ISOにはISO31000「リスクマネジメント」という規格があり、その中で「リスク」を「目標に対する不確かさの影響」と定義しています。この定義から分かるのは、①「リスク」とはあくまで「目標」(ISO9001の定義では「期待する結果」となっていますが)との対比で初めて論じることができるものであり、また②「不確かさ」という「原因」に対する「結果」の概念だということです。

 

つまり①は、まず自分が期待する結果(それが明確な目標として設定されたものであろうとなかろうと)というものがあることが前提であり、そこから逸脱する可能性に関するものがリスクであると言えるでしょう。
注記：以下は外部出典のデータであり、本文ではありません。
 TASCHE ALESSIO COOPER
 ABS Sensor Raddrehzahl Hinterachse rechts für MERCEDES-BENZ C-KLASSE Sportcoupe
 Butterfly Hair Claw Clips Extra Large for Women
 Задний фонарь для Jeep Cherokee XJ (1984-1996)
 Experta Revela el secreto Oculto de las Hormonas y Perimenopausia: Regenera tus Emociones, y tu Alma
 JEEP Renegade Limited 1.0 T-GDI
そして②は、将来に関して起こるか起こらないか分からない不確かな状況が生み出す「結果」がリスクである、ということを意味します(その意味では、例えば「今外で雨が降っている」とき、傘をささずに外に出ることは「リスク」ではありませんが(濡れるのは確実ですから)、「明日雨が降りそうだ」という場合は、降るか降らないかは不確かなことですから、傘を持って出かけないと濡れる「リスク」がある、ということになります)。

 

そして更に議論を呼んでいるのが、「リスク」には「プラスのリスク」と「マイナスのリスク」がある、というISOの定義にある注釈です。「リスク」と聞くと普通は何か良からぬことをイメージしますが、「リスク」が「不確かさの影響」だとすると、その影響は必ずしもマイナスなものだけでなくプラスのものもありうる、という理屈です。イメージで言えば、当初想定していなかったラッキーなことが起こって予想よりもうまく行くかもしれない、ということでしょう。このこと自体は分かりますが、分かりにくいのはそのようなプラスのリスクまでも本当に管理する必要があるのか、予想以上にうまく行ったのであれば「良かったね」でいいじゃないか、という感覚があるからだと思います。

 

しかしここでもう少し考えてみると、悪いことが起こる可能性を考えて、それに対処することでその影響を最小限に抑える(又は少なくとも致命的にならないようにする)ということと同じように、良いことがこる可能性を考えて、それを最大限に活用する(又は少なくとも完全に逸することのないようにする)ことまで事前に考えられれば、確かに計画は更に盤石なものになります。言ってみれば、ISOのリスクの定義は、このようなある種の「強かさ」までも包含した概念と言えるのだろうと思います。

 

しかしそうは言いつつも、ISO31000の規格を見ても明らかなように、そして先に見たように「リスク」の語源が「勇気を持って試みる」という意味であることからも、やはり「リスクマネジメント」の要諦は依然として「マイナスのリスク」にどのように対処するかにある、ということが言えるのではないでしょうか。今後この分野における議論や研究が進むにつれ「プラスのリスク」への対応がよりクローズアップされるようになるかもしれませんが、今のところの私たちの対応としては、「リスク」にはプラスとマイナスがある、という定義は一応理解した上で、あくまで実践としては、まずは「マイナスのリスク」が最悪の事態を引き起こさないような対応を考える、ということになるのだと思います。